- Description of the task -
Start at the line in the entries below that contains "Zum sechs und zwanzigsten Kapitel", stop at the line that contains "Entrance Gate Installation in Cary, NC", and output exactly the lines in that span, both ends included.

- Data provided -
+ + +

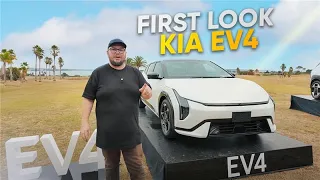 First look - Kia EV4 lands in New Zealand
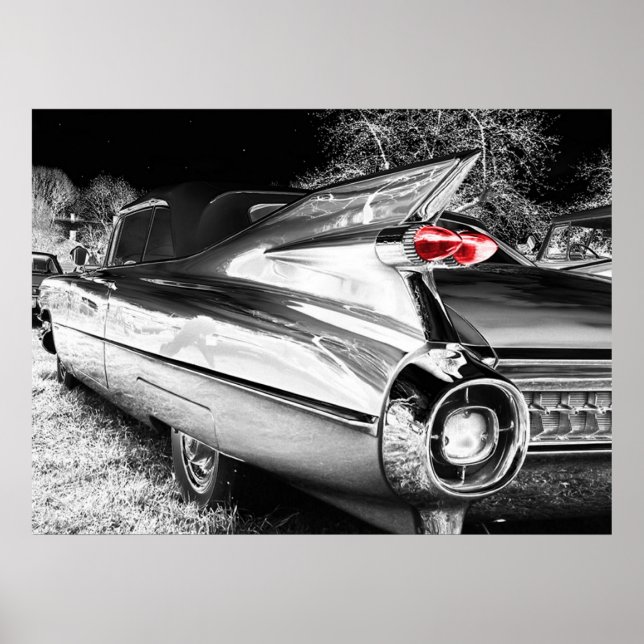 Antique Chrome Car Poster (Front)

+ + +

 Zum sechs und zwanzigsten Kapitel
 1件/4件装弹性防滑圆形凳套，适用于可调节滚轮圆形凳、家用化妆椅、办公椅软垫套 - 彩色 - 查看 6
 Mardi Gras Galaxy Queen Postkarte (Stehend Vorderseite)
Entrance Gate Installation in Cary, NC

+ + +

- Written response -
 Zum sechs und zwanzigsten Kapitel
 1件/4件装弹性防滑圆形凳套，适用于可调节滚轮圆形凳、家用化妆椅、办公椅软垫套 - 彩色 - 查看 6
 Mardi Gras Galaxy Queen Postkarte (Stehend Vorderseite)
Entrance Gate Installation in Cary, NC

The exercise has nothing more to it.